**TASK DETAILS:**
Return every line of the data exactly as it appears.

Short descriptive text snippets
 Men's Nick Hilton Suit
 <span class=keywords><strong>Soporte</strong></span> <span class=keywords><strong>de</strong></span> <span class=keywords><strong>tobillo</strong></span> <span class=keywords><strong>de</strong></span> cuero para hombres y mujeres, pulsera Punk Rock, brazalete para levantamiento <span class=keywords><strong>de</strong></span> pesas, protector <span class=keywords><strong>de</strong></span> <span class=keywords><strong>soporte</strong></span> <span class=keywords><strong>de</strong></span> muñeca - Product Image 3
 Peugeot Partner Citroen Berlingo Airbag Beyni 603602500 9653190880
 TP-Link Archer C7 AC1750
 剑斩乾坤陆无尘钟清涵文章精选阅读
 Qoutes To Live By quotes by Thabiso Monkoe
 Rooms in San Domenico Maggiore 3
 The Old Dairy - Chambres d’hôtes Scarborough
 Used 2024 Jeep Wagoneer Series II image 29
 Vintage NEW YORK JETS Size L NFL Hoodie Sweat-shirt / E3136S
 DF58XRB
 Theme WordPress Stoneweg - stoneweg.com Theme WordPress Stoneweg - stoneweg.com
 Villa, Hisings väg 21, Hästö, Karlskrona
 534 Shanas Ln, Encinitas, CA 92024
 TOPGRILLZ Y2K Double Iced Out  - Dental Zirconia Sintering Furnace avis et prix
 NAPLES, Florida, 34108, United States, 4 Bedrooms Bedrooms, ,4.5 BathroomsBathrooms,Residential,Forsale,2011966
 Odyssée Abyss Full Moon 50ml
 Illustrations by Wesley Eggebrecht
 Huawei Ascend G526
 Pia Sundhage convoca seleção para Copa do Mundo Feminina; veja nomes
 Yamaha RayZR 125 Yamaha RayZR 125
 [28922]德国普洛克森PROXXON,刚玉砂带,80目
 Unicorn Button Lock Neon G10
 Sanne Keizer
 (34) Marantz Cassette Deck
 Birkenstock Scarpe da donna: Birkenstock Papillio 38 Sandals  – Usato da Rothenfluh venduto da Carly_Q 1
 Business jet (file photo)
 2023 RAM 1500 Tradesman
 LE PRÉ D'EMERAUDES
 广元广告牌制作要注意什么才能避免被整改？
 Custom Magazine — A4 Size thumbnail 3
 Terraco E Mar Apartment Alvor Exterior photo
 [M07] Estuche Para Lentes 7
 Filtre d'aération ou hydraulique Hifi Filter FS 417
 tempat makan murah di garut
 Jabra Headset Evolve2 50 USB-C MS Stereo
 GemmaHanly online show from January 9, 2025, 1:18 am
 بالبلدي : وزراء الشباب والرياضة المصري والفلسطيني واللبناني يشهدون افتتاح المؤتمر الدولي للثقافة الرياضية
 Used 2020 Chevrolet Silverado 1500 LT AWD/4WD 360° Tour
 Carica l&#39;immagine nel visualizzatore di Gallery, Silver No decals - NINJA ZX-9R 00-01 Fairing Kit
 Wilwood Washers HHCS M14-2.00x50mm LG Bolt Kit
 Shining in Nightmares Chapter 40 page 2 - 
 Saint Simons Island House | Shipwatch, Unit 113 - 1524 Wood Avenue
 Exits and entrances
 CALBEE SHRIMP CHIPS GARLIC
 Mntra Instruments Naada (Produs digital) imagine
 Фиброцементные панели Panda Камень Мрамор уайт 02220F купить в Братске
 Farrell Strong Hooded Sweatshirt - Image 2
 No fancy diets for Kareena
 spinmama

**RESULT FOR THIS EXERCISE:**
 Men's Nick Hilton Suit
 <span class=keywords><strong>Soporte</strong></span> <span class=keywords><strong>de</strong></span> <span class=keywords><strong>tobillo</strong></span> <span class=keywords><strong>de</strong></span> cuero para hombres y mujeres, pulsera Punk Rock, brazalete para levantamiento <span class=keywords><strong>de</strong></span> pesas, protector <span class=keywords><strong>de</strong></span> <span class=keywords><strong>soporte</strong></span> <span class=keywords><strong>de</strong></span> muñeca - Product Image 3
 Peugeot Partner Citroen Berlingo Airbag Beyni 603602500 9653190880
 TP-Link Archer C7 AC1750
 剑斩乾坤陆无尘钟清涵文章精选阅读
 Qoutes To Live By quotes by Thabiso Monkoe
 Rooms in San Domenico Maggiore 3
 The Old Dairy - Chambres d’hôtes Scarborough
 Used 2024 Jeep Wagoneer Series II image 29
 Vintage NEW YORK JETS Size L NFL Hoodie Sweat-shirt / E3136S
 DF58XRB
 Theme WordPress Stoneweg - stoneweg.com Theme WordPress Stoneweg - stoneweg.com
 Villa, Hisings väg 21, Hästö, Karlskrona
 534 Shanas Ln, Encinitas, CA 92024
 TOPGRILLZ Y2K Double Iced Out  - Dental Zirconia Sintering Furnace avis et prix
 NAPLES, Florida, 34108, United States, 4 Bedrooms Bedrooms, ,4.5 BathroomsBathrooms,Residential,Forsale,2011966
 Odyssée Abyss Full Moon 50ml
 Illustrations by Wesley Eggebrecht
 Huawei Ascend G526
 Pia Sundhage convoca seleção para Copa do Mundo Feminina; veja nomes
 Yamaha RayZR 125 Yamaha RayZR 125
 [28922]德国普洛克森PROXXON,刚玉砂带,80目
 Unicorn Button Lock Neon G10
 Sanne Keizer
 (34) Marantz Cassette Deck
 Birkenstock Scarpe da donna: Birkenstock Papillio 38 Sandals  – Usato da Rothenfluh venduto da Carly_Q 1
 Business jet (file photo)
 2023 RAM 1500 Tradesman
 LE PRÉ D'EMERAUDES
 广元广告牌制作要注意什么才能避免被整改？
 Custom Magazine — A4 Size thumbnail 3
 Terraco E Mar Apartment Alvor Exterior photo
 [M07] Estuche Para Lentes 7
 Filtre d'aération ou hydraulique Hifi Filter FS 417
 tempat makan murah di garut
 Jabra Headset Evolve2 50 USB-C MS Stereo
 GemmaHanly online show from January 9, 2025, 1:18 am
 بالبلدي : وزراء الشباب والرياضة المصري والفلسطيني واللبناني يشهدون افتتاح المؤتمر الدولي للثقافة الرياضية
 Used 2020 Chevrolet Silverado 1500 LT AWD/4WD 360° Tour
 Carica l&#39;immagine nel visualizzatore di Gallery, Silver No decals - NINJA ZX-9R 00-01 Fairing Kit
 Wilwood Washers HHCS M14-2.00x50mm LG Bolt Kit
 Shining in Nightmares Chapter 40 page 2 - 
 Saint Simons Island House | Shipwatch, Unit 113 - 1524 Wood Avenue
 Exits and entrances
 CALBEE SHRIMP CHIPS GARLIC
 Mntra Instruments Naada (Produs digital) imagine
 Фиброцементные панели Panda Камень Мрамор уайт 02220F купить в Братске
 Farrell Strong Hooded Sweatshirt - Image 2
 No fancy diets for Kareena
 spinmama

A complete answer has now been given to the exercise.